(Collected data)
= Beginning of Section =

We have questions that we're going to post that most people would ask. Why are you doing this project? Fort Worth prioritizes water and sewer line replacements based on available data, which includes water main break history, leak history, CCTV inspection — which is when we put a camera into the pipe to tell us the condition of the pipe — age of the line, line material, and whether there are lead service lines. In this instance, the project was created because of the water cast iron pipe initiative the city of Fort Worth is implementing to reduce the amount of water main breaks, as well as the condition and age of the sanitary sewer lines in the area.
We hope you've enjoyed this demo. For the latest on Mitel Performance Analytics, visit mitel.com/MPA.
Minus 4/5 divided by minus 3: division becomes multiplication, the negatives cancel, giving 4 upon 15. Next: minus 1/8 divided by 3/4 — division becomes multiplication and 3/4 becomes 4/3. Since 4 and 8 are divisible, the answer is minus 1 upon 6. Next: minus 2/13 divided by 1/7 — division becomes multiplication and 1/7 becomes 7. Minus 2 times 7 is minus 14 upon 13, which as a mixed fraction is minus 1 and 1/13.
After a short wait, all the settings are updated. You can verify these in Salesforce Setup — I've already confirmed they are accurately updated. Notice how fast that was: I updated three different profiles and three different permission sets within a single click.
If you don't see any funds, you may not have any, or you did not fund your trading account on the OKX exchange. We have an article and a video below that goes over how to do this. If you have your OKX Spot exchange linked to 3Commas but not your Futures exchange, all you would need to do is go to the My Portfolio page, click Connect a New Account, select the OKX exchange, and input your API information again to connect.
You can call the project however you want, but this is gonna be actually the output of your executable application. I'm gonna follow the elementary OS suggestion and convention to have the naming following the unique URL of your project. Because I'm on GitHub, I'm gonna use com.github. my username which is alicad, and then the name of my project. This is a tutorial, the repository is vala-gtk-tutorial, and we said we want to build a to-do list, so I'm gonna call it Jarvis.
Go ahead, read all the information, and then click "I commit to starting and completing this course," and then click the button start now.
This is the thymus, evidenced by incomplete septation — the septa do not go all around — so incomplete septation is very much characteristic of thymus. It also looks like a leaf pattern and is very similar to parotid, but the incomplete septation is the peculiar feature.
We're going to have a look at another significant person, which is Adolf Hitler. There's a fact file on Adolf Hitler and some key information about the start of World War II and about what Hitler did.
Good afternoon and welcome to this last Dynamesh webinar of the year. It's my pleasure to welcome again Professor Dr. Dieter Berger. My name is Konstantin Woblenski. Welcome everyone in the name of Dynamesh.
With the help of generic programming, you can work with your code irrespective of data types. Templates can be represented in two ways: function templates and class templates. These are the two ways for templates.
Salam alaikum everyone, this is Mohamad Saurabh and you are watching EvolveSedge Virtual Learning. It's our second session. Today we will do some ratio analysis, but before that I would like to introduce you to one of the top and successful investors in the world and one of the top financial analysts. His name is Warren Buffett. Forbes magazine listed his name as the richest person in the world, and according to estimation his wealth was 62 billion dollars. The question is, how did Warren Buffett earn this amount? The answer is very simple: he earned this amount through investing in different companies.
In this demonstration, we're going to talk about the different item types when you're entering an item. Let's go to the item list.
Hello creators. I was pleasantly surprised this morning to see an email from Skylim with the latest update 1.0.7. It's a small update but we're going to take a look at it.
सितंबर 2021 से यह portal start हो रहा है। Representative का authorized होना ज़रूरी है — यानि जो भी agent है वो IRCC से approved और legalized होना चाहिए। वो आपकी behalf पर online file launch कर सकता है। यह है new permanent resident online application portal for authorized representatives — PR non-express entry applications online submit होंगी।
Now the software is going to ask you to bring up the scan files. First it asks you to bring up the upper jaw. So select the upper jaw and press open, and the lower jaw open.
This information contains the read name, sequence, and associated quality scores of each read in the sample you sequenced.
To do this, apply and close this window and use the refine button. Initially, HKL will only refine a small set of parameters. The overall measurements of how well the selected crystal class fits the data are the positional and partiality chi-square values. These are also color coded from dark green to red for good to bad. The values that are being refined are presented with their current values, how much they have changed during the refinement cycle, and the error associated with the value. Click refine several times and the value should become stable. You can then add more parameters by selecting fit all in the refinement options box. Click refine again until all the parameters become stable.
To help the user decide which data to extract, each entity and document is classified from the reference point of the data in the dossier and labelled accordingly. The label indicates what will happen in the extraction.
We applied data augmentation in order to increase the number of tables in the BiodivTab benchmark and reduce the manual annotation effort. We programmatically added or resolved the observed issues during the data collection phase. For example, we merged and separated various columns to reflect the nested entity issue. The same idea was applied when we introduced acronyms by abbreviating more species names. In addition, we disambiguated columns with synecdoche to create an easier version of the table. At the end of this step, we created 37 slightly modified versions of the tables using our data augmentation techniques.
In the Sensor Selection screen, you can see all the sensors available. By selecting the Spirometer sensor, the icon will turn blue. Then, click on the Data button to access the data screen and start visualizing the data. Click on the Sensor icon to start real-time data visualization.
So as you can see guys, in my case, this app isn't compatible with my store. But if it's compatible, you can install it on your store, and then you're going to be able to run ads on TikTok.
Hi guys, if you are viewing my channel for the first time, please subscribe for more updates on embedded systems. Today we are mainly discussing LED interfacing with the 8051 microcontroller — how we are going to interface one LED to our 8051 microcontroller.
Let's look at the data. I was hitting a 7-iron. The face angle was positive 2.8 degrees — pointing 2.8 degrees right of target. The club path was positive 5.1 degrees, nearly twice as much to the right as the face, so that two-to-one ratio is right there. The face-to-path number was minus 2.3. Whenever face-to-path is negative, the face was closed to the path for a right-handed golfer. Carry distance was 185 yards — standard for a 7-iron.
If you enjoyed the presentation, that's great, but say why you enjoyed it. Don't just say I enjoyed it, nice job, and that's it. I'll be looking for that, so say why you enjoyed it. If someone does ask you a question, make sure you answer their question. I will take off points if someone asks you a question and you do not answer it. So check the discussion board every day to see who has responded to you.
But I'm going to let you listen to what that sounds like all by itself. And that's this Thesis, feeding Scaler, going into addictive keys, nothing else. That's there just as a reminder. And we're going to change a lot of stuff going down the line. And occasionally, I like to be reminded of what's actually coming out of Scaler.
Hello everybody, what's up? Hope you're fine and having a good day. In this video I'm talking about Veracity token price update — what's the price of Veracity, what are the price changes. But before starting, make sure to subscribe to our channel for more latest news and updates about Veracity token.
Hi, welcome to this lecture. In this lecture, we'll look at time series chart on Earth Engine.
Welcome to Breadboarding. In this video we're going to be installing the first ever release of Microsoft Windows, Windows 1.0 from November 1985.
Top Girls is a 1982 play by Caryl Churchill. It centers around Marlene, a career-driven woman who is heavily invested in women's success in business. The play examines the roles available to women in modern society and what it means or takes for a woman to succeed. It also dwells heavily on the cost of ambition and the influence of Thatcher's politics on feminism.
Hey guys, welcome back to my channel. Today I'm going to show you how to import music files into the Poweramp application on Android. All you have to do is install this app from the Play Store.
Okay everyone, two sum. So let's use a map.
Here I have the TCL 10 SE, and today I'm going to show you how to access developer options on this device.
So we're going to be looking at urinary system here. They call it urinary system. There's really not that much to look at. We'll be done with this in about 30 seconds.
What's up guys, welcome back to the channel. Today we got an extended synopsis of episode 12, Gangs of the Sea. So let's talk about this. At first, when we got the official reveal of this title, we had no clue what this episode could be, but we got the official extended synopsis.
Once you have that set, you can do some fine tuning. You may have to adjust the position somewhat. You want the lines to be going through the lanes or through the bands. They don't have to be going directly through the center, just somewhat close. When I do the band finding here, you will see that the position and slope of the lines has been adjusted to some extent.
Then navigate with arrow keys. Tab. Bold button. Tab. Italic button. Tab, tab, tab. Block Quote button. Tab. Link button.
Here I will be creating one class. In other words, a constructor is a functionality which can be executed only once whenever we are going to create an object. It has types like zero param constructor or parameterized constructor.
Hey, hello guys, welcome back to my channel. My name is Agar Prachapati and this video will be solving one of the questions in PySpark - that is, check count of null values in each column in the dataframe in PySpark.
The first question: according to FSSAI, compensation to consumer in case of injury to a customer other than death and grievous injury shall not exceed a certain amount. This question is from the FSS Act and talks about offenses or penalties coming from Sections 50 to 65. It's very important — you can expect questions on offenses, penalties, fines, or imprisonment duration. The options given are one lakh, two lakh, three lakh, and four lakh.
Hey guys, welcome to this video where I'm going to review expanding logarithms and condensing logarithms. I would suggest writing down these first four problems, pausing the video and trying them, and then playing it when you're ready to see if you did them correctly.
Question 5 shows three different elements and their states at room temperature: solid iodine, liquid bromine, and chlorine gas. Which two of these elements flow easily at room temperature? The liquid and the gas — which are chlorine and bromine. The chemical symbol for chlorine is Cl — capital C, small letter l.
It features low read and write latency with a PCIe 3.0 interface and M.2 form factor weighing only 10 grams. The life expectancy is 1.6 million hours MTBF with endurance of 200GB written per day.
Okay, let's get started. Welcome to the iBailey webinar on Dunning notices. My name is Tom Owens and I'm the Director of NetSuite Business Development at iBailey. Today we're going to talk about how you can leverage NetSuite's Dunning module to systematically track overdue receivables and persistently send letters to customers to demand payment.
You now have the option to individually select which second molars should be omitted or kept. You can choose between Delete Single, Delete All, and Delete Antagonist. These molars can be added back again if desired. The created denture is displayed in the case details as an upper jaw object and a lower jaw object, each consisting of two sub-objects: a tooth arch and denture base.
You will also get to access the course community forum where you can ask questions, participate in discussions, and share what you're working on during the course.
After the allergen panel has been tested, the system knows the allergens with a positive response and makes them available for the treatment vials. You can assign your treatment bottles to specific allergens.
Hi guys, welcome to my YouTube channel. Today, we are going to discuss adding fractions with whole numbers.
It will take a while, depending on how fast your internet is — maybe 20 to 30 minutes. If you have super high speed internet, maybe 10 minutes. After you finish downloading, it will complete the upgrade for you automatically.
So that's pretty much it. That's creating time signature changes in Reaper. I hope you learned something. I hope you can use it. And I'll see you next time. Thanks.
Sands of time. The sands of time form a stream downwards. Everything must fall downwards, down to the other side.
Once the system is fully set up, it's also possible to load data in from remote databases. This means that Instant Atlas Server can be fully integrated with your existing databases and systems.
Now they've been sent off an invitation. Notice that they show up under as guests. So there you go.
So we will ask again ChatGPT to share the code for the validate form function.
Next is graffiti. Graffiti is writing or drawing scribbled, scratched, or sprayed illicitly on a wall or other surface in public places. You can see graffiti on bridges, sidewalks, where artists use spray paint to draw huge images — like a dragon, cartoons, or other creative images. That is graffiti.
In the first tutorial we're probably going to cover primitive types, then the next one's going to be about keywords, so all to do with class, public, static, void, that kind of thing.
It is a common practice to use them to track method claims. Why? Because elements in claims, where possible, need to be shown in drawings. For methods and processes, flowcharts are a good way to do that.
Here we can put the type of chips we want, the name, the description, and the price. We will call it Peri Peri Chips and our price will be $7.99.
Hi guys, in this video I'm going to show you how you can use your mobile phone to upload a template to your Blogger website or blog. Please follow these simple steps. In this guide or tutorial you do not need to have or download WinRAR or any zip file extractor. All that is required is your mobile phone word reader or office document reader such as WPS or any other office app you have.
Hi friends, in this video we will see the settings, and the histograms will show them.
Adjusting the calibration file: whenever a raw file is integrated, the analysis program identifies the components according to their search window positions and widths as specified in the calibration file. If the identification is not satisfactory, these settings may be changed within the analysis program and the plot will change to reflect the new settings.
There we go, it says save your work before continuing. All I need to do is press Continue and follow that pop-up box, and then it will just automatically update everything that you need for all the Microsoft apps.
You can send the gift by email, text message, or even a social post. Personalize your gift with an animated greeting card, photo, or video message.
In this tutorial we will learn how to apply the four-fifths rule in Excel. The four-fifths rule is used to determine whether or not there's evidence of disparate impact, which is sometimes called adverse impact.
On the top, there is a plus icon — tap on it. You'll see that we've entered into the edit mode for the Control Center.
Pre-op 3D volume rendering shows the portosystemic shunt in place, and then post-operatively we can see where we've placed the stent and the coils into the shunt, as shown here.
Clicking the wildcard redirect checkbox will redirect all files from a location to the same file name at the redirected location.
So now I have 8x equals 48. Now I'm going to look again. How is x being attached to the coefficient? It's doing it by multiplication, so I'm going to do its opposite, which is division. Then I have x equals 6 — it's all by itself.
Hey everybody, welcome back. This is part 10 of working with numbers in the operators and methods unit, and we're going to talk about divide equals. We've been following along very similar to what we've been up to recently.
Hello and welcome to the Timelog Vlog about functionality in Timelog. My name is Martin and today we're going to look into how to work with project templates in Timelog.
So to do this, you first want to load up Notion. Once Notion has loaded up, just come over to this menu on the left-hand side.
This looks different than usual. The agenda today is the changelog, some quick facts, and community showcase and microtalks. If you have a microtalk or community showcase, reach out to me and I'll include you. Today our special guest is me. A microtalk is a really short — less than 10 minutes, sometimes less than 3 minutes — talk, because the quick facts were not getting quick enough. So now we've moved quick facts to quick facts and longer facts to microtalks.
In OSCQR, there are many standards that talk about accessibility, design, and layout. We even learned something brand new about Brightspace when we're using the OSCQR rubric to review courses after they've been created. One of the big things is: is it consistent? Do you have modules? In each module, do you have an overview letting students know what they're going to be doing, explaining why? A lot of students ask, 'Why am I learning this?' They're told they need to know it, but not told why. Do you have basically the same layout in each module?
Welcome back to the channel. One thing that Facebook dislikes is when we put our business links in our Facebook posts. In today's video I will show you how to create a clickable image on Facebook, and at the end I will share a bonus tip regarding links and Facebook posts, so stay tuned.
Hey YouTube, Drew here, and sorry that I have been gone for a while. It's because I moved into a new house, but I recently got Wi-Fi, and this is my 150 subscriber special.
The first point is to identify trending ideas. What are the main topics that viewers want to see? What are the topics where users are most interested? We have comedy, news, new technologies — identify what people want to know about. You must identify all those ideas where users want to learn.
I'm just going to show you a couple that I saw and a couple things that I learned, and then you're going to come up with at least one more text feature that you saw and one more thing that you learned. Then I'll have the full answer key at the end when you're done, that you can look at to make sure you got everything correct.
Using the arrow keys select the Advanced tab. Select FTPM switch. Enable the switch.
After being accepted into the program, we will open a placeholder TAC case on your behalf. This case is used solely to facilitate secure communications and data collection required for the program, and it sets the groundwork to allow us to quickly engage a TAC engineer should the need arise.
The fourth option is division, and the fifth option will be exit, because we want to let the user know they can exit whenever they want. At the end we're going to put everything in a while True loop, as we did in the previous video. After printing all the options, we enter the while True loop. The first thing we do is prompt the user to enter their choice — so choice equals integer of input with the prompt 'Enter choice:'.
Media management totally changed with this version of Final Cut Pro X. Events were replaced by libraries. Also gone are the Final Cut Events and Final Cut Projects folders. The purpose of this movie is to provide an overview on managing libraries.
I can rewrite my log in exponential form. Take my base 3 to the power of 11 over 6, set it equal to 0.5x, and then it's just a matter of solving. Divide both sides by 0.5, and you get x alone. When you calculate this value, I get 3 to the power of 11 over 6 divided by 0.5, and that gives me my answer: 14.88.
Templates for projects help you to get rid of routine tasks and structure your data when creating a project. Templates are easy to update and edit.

= End of Section =

- _WHAT NEEDS TO BE DONE_
Taking the lines above, repeat exactly those from the line that contains "Welcome to Breadboarding." through the line that contains "Top Girls is", and both of those lines as well. Include nothing else.

- _SOLUTION BELOW_
Welcome to Breadboarding. In this video we're going to be installing the first ever release of Microsoft Windows, Windows 1.0 from November 1985.
Top Girls is a 1982 play by Caryl Churchill. It centers around Marlene, a career-driven woman who is heavily invested in women's success in business. The play examines the roles available to women in modern society and what it means or takes for a woman to succeed. It also dwells heavily on the cost of ambition and the influence of Thatcher's politics on feminism.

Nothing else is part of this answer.